Work item:
Your output should be the records below, word for word and picture-free.

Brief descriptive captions

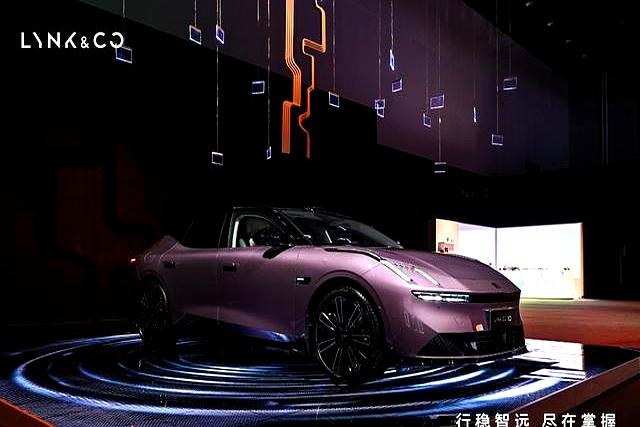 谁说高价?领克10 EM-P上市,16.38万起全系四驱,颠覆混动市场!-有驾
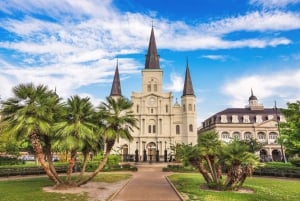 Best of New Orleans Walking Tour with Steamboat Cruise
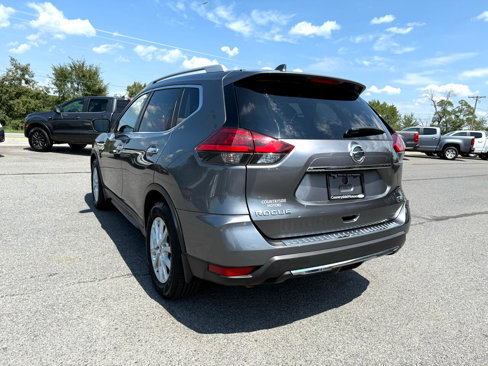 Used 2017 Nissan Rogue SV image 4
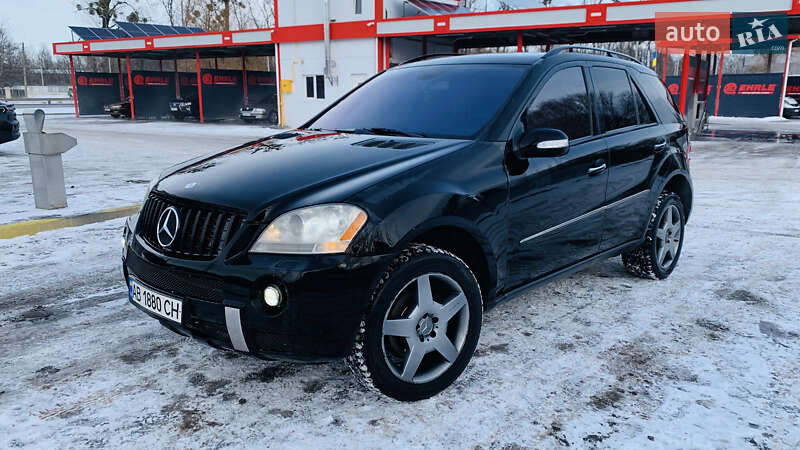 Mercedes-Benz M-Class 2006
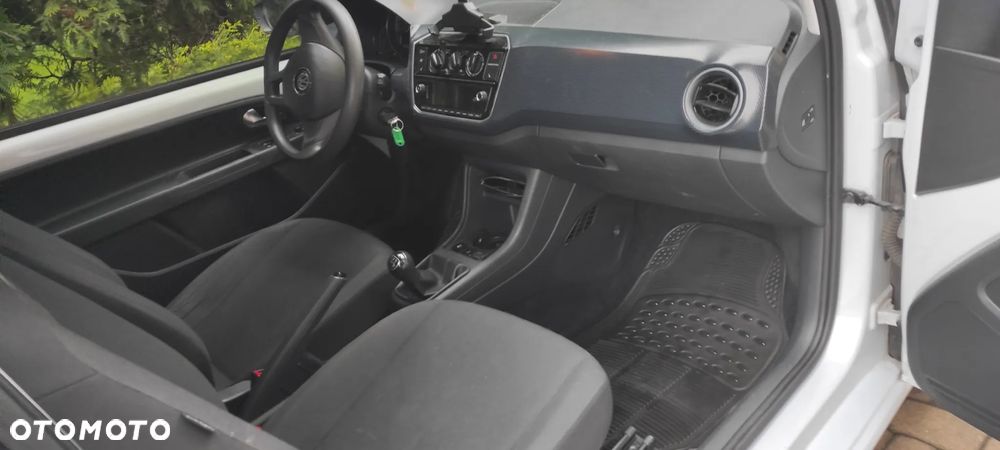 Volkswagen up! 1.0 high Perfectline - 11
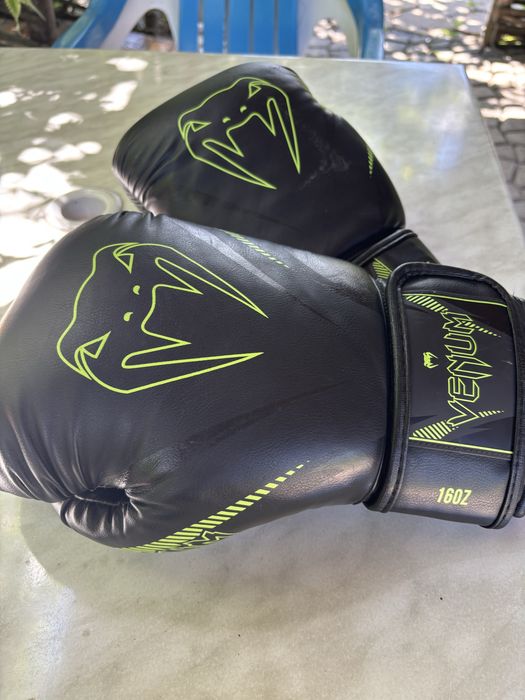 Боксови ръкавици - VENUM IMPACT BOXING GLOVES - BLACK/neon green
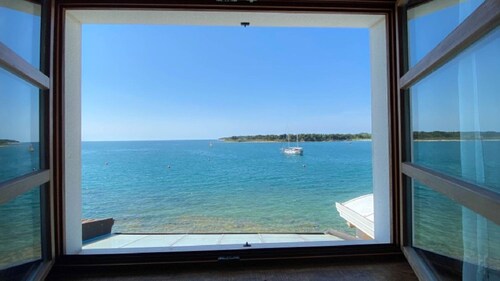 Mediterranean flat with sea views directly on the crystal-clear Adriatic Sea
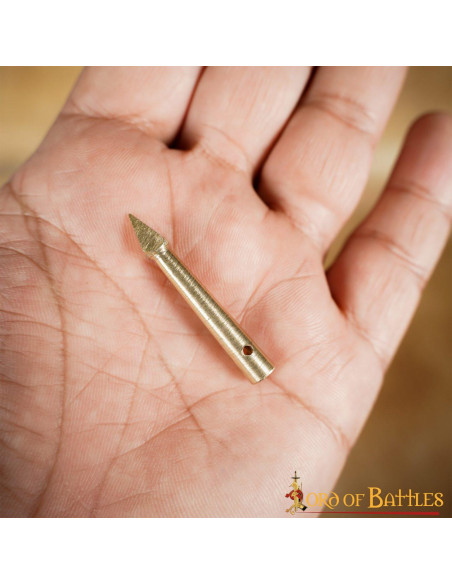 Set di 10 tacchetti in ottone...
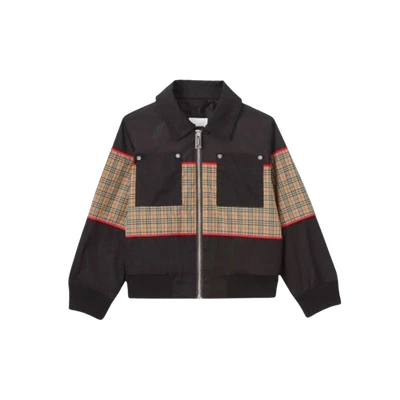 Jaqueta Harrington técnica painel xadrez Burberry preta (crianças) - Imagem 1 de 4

Problem solution:
 谁说高价?领克10 EM-P上市,16.38万起全系四驱,颠覆混动市场!-有驾
 Best of New Orleans Walking Tour with Steamboat Cruise
 Used 2017 Nissan Rogue SV image 4
 Mercedes-Benz M-Class 2006
 Volkswagen up! 1.0 high Perfectline - 11
 Боксови ръкавици - VENUM IMPACT BOXING GLOVES - BLACK/neon green
 Mediterranean flat with sea views directly on the crystal-clear Adriatic Sea
 Set di 10 tacchetti in ottone...
 Jaqueta Harrington técnica painel xadrez Burberry preta (crianças) - Imagem 1 de 4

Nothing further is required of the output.